(Warning! If you knowingly or
unknowingly have an ongoing love-affair with the need to look young,
be young, act like your younger than you are ---- this post isn't for
you. :)
But if you're willing to embrace the
aging process as God allows it to unfold ---- this post will
hopefully bless your socks off. It has mine. Years ago I began asking
God to allow me to “grow old gracefully” – this post is a
partial sharing of His response to my prayer.)
Growing old is suppose to be a
beautiful thing. It's the result of having lived many years and still
having something to give, to do, to share.
But good grief how this world has
twisted our view of growing old.
I'm slowly approaching almost 6 decades
of living. I'm getting “older”. Period.
But IF i've chosen to live well and
love much – older won't be the focus - outflow will be.
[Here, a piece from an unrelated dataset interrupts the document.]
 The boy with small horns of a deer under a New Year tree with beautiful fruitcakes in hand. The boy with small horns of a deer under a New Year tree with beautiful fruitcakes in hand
Here's to sharing with you, what Abba
has whispered to me about growing better (older).
It's not about getting
older. It's about increased OUTFLOW.
Sitting on our mountain porch in
December under wintry, grey, stick-like trees, it came so clear.
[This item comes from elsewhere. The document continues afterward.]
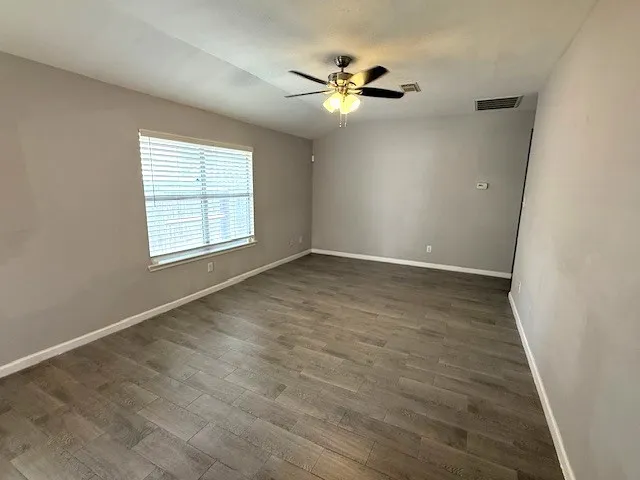 an empty room with windows and fan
Those tall oak trees stood brave and
bear around me. The picture of winter.
As a child I always thought they looked
naked and cold.
Not now.
As a grown woman joyfully living in the
autumn of my life, I see them with better eyes.
You see, those tall trees have lived
long enough to reach high above every man-made thing around them.
They remember what it was to be a tree
in the spring, with sap rising, leaves budding, bark stretching, and
birds nesting.
They remember what the heat of summer
felt like on their wide green leaves. The rains washed them clean and
the sun dried them well. They remember the sounds of children under
their shady branches and treehouses built on their strong limbs.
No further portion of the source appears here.